Уткин как будто не знает, что сегодня так уже не пишут. Что все это (изобразительность прозы, ритмичность, образность, сориентированная на философичность, эмоциональность, исповедальность и проч.) – литературная архаика. Что вот так, напрямую, писать «за жизнь» без уже сугубо писательской саморефлексии, без позы усталой самоиронии, без игры со словом и образом (с «концептом»), нынешние литературные приличия вроде как не позволяют. А Уткину дела нет. Он пишет «архаично» абсолютно современную по мысли и мироощущению прозу, и у него получается.
Это к вопросу – а что такое современная проза?
Какая она есть, и какая она должна быть? Кто-нибудь знает? Я – нет.

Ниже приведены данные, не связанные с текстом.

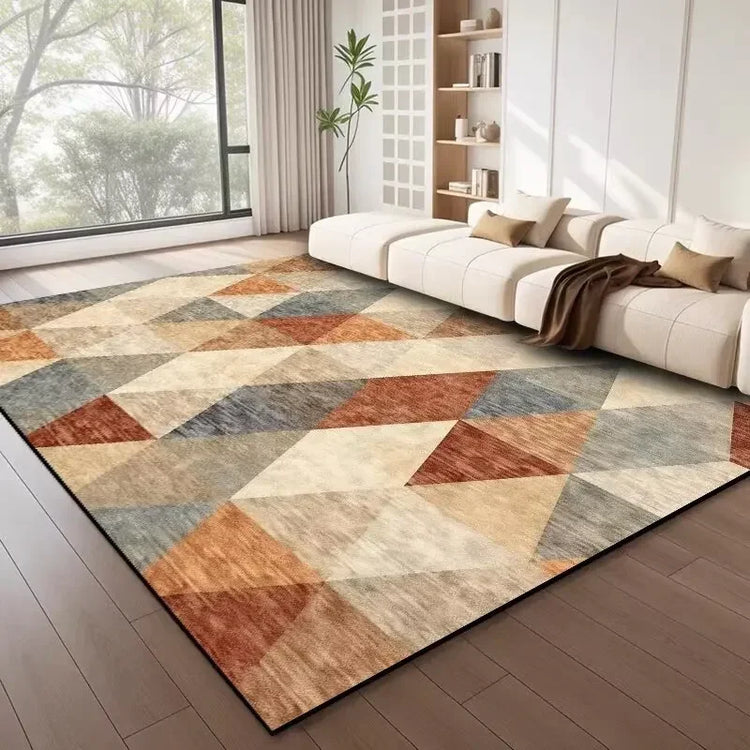 Nordic Style Geometric Large Rugs for Living Room Modern Decoration Home Carpet Light Luxury Bedroom Rug  Washable Mat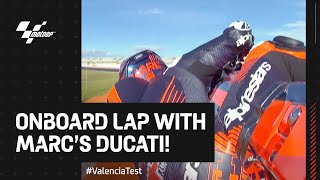 Onboard lap at Valencia with Marc Marquez amp his Ducati 🏍️  ValenciaTest [upl. by Denn]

Я еще помню, как писали под Фолкнера и Платонова, и это было значком современной прозы, потом ломанулись в «магический реализм» и «под Борхеса», потом – в соцарт, «постмодерн», «чернушный» «реализьм», в художественную «культурологию», в Умберто Эко и Мураками и проч. и проч. со все возрастающим чувством растерянности, почти отчаяния от литературного одиночества, от невозможности поймать стилистику, которая уж точно была бы «современной прозой». Ну как ее, проклятую, писать?! А никак. Как пишется. Как тот же Уткин. Или как Евгений Попов. Или как Анатолий Гаврилов. Михаил Бутов. И т. д.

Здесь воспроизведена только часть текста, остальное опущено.